En effet, le 13 décembre 2010, dans un entretien exclusif accordé à la
radio française Kernews 91.5 Fm, Alcide Djédjé, ministre des Affaires
étrangères ivoirien, dénonce l’ingérence des Nations unies, manipulées par la
France et les Etats-Unis, dans la gestion de la crise post-présidentielle en
Côte d’Ivoire, qui a vu la victoire du candidat de LMP, Laurent Gbagbo, avec
51,45 % des suffrages exprimés. Cela, au détriment de son rival du RHDP,
Alassane Ouattara, crédité de 48,55 %. « Cette
ingérence s'est faite d'abord au Conseil de sécurité, à New York, puisque le
représentant des services extérieurs des Nations unies a reçu de fortes
pressions pour que le président de la Commission électorale indépendante (CEI)

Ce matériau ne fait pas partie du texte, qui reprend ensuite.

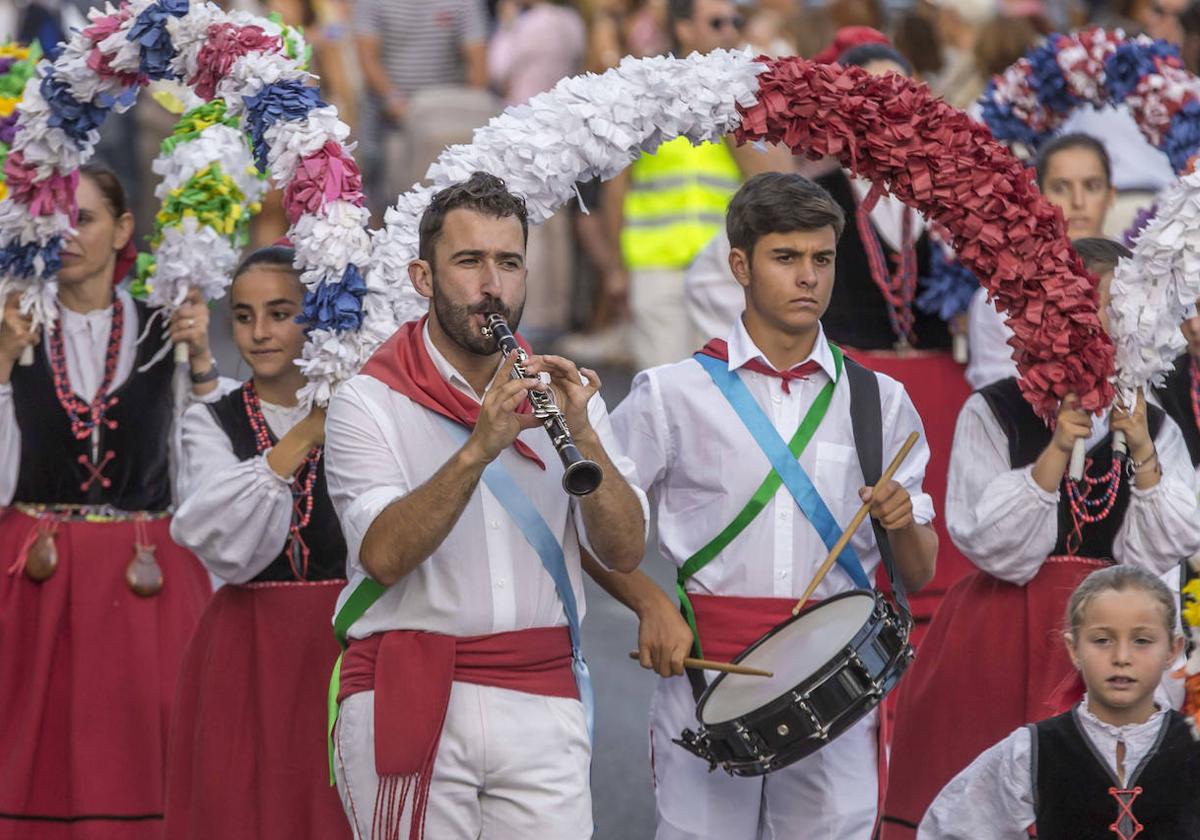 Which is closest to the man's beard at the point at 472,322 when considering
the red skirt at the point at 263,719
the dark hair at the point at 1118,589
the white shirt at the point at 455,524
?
the white shirt at the point at 455,524

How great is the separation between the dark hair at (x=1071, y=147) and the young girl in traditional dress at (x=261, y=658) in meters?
2.90

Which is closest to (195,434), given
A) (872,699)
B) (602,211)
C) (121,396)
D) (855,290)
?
(121,396)

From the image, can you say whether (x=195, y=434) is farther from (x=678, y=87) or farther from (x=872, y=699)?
(x=872, y=699)

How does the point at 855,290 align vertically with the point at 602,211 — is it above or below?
below

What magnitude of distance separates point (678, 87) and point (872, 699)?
1868 mm

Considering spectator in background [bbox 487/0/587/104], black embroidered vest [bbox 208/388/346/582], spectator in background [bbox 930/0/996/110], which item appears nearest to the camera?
black embroidered vest [bbox 208/388/346/582]

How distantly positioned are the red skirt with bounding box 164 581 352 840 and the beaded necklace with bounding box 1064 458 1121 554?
6.93ft

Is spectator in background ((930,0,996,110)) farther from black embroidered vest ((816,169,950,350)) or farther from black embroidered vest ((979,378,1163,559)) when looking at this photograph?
black embroidered vest ((979,378,1163,559))

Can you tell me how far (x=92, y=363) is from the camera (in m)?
7.91

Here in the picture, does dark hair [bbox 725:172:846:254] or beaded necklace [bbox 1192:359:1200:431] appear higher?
dark hair [bbox 725:172:846:254]

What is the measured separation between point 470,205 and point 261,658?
1.77 meters

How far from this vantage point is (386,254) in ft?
22.4

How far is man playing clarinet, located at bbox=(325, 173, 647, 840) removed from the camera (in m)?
5.73

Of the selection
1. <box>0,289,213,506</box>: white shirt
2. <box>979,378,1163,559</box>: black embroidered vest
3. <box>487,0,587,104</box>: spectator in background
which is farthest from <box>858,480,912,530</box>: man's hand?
<box>487,0,587,104</box>: spectator in background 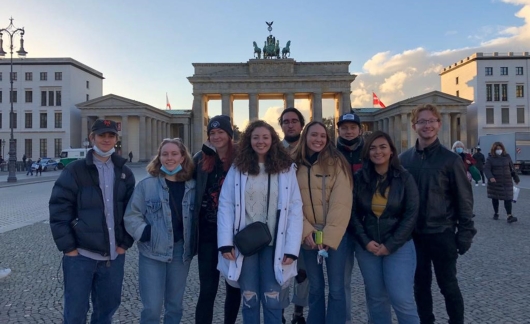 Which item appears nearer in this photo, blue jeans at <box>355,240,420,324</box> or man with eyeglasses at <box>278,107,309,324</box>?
blue jeans at <box>355,240,420,324</box>

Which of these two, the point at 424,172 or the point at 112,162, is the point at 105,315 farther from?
the point at 424,172

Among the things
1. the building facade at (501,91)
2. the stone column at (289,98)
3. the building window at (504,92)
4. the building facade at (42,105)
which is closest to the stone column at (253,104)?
the stone column at (289,98)

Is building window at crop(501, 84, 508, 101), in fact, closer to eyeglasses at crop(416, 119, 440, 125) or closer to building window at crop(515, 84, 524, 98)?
building window at crop(515, 84, 524, 98)

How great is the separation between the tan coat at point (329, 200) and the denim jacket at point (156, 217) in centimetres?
113

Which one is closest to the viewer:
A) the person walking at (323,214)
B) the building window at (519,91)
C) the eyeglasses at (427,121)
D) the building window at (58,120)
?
the person walking at (323,214)

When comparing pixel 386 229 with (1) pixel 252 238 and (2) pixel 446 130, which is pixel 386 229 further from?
(2) pixel 446 130

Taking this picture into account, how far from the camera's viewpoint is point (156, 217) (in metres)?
3.91

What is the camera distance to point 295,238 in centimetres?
368

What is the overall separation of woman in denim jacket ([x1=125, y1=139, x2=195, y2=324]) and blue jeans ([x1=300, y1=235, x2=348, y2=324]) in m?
1.24

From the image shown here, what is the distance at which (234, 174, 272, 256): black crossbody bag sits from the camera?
358 centimetres

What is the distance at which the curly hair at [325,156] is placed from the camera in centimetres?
405

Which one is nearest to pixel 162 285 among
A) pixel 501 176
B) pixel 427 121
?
pixel 427 121

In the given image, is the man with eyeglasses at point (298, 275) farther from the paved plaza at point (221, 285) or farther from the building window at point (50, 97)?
the building window at point (50, 97)

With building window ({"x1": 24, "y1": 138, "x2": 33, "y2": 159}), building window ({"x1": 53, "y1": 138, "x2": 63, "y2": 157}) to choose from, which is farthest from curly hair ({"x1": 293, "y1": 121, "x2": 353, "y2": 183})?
building window ({"x1": 24, "y1": 138, "x2": 33, "y2": 159}) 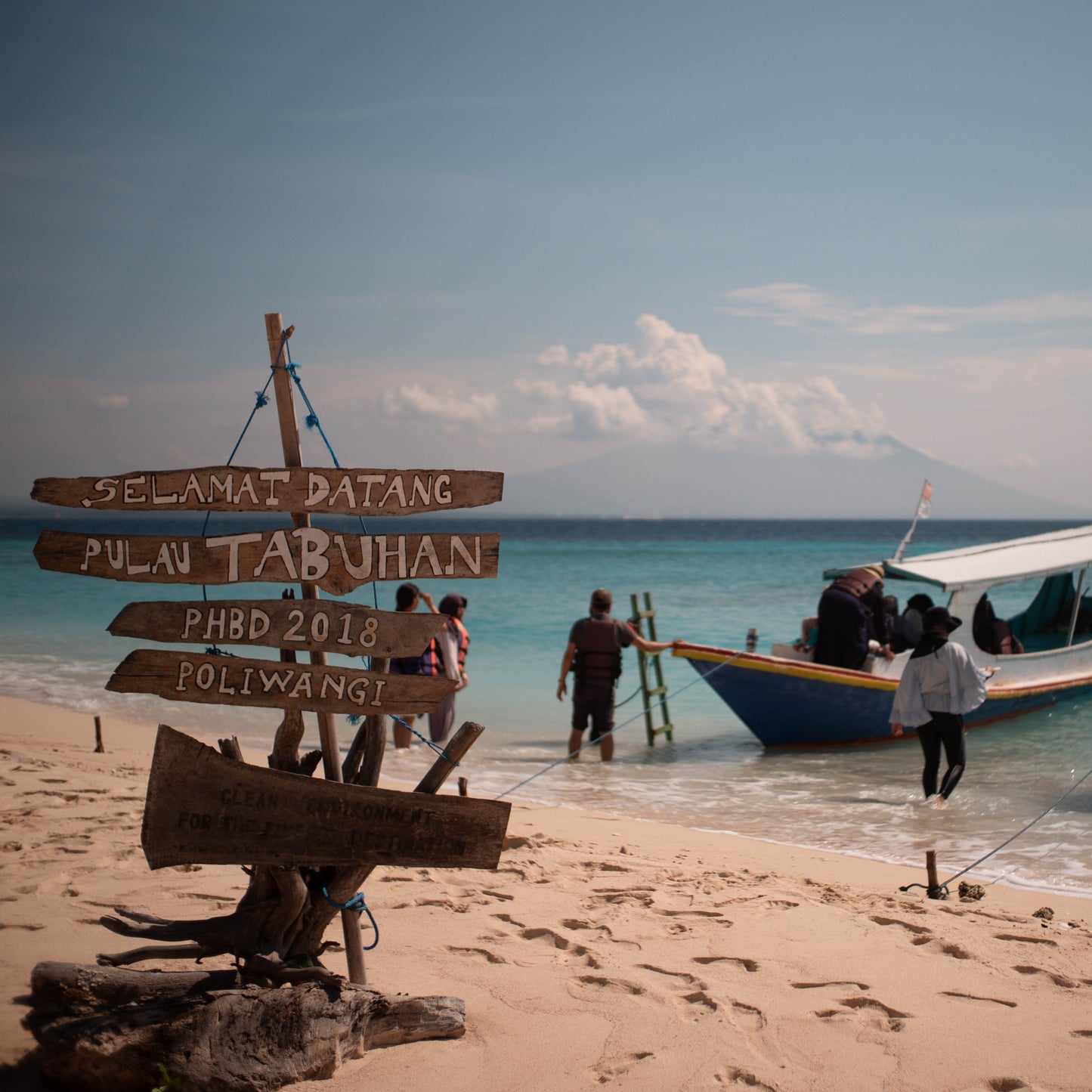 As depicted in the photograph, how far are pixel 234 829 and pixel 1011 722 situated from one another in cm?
1096

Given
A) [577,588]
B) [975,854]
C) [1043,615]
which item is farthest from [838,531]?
[975,854]

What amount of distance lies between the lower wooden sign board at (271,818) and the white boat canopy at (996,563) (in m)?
8.24

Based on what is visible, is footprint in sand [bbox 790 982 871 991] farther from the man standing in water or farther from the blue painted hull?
the blue painted hull

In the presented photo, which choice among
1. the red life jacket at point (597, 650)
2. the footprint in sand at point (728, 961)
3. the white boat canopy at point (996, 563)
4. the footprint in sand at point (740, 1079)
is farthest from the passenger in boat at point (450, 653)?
the footprint in sand at point (740, 1079)

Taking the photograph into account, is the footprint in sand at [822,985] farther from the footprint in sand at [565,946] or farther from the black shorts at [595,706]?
the black shorts at [595,706]

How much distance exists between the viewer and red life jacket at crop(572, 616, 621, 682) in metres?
9.49

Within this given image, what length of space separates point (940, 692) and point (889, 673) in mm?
2726

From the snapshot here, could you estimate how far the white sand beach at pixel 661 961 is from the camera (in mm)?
3422

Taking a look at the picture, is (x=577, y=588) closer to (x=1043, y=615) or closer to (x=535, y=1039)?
(x=1043, y=615)

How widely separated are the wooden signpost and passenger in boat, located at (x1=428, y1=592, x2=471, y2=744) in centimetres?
520

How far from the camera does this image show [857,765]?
998 centimetres

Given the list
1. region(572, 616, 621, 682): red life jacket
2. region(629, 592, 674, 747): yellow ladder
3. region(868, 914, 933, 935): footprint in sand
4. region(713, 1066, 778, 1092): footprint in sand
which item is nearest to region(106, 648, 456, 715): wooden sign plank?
region(713, 1066, 778, 1092): footprint in sand

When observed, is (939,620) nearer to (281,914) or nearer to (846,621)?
(846,621)

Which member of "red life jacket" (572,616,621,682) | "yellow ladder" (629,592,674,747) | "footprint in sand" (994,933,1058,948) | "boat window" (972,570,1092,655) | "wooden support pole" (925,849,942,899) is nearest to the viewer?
"footprint in sand" (994,933,1058,948) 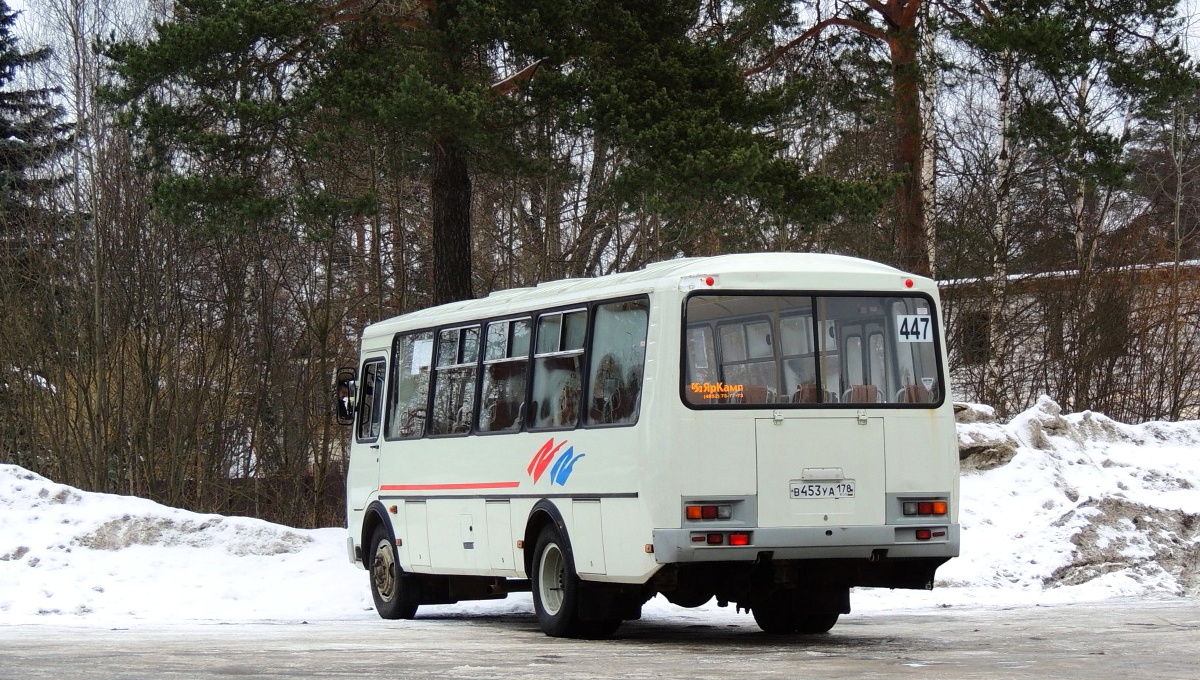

qui, normalement siège de façon collégiale et par consensus, soit amené dans
les locaux de l’ONUCI à Abidjan pour proclamer les résultats. Monsieur Choi a
refusé et il m’a appelé à cet effet. C'est ainsi que ce président de la CEI,
Monsieur Youssouf Bakayoko, a été amené à l'Hôtel du Golf, le QG de campagne de
Monsieur Ouattara pour proclamer de faux résultats devant la presse étrangère
dont France 24 », révèle le diplomate ivoirien. De vrais faux résultats qui
seront dans la précipitation reconnus par Choï et consorts. « A l’analyse de ces résultats, le taux de
participation passe de 70% à 81%. Nous avons donc constaté que plus de 630 000
voix ont été ajoutées au bénéfice du candidat Ouattara après la fermeture des
bureaux de vote. Voilà ce qui se passe et cela a été fait par la France et les
États-Unis, dont les ambassadeurs sont très actifs en Côte d’Ivoire ».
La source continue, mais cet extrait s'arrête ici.